Supplied material:
------------------------------------------------

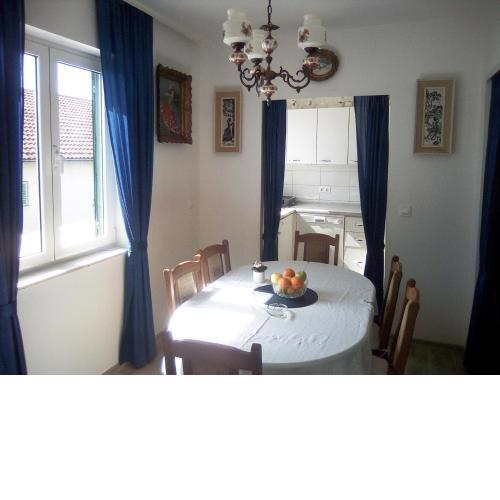 Apartmani Brkljača 1 - Jadranka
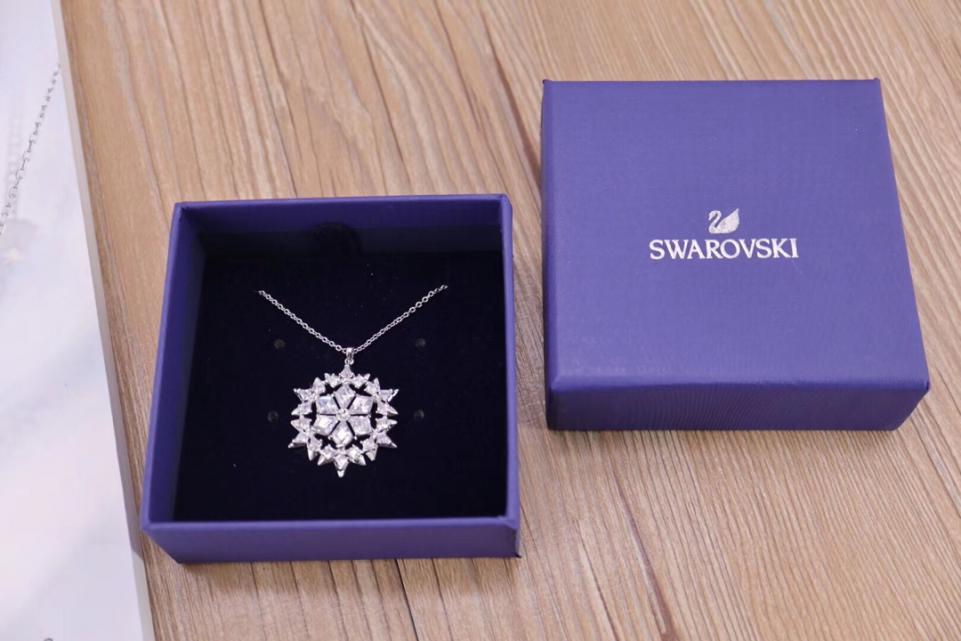 replica,repliche,fake,1:1,earrings,bracelet,ring,jewelry Collana Swarovski con clavicola con fiocco di neve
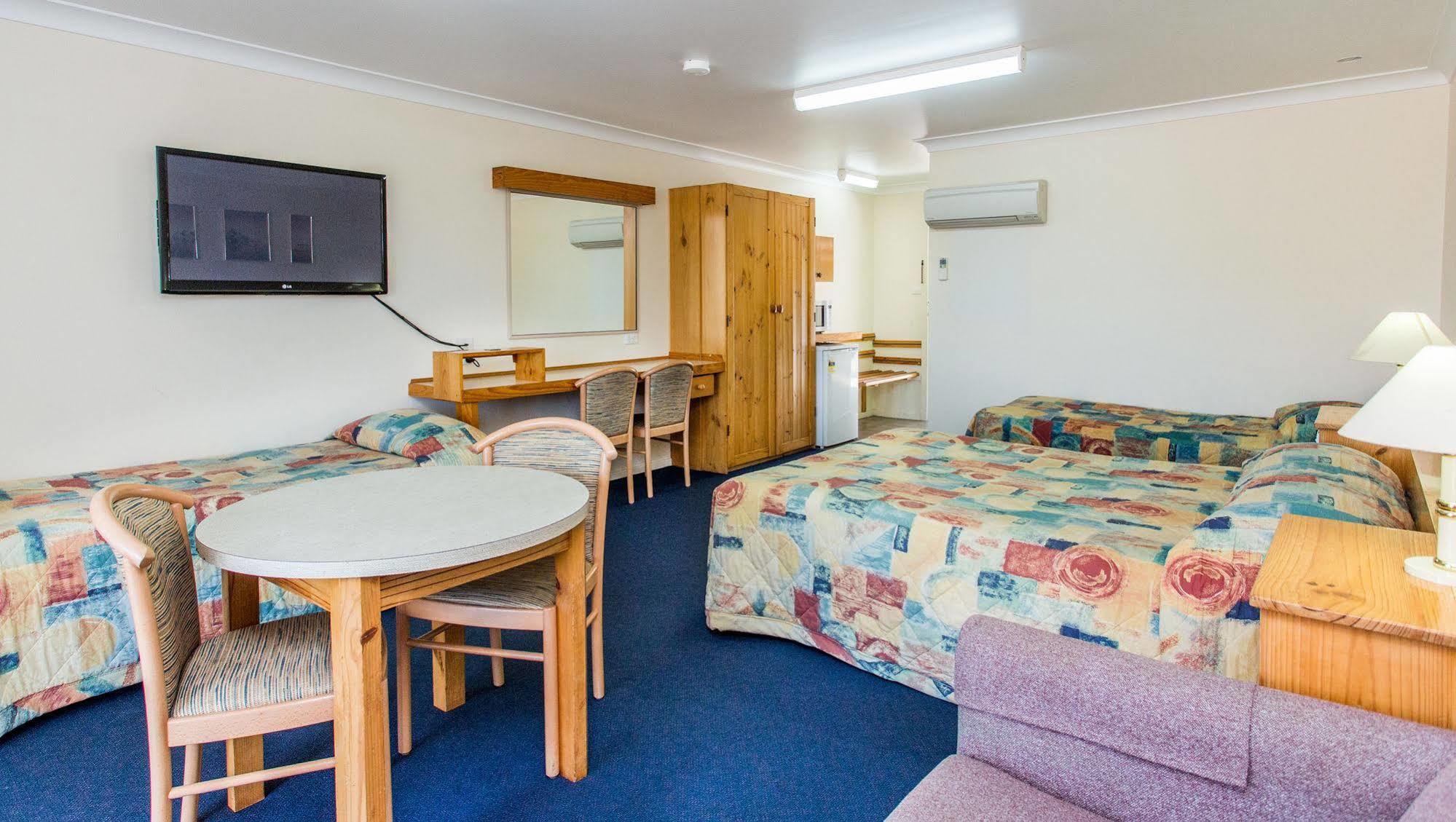 Econo Lodge Alabaster Cowra Εξωτερικό φωτογραφία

------------------------------------------------

Requirement:
Pictures must be left out. Repeat exactly the lines from the one containing "fiocco di neve" through the final line of the data.

Solution:
 replica,repliche,fake,1:1,earrings,bracelet,ring,jewelry Collana Swarovski con clavicola con fiocco di neve
 Econo Lodge Alabaster Cowra Εξωτερικό φωτογραφία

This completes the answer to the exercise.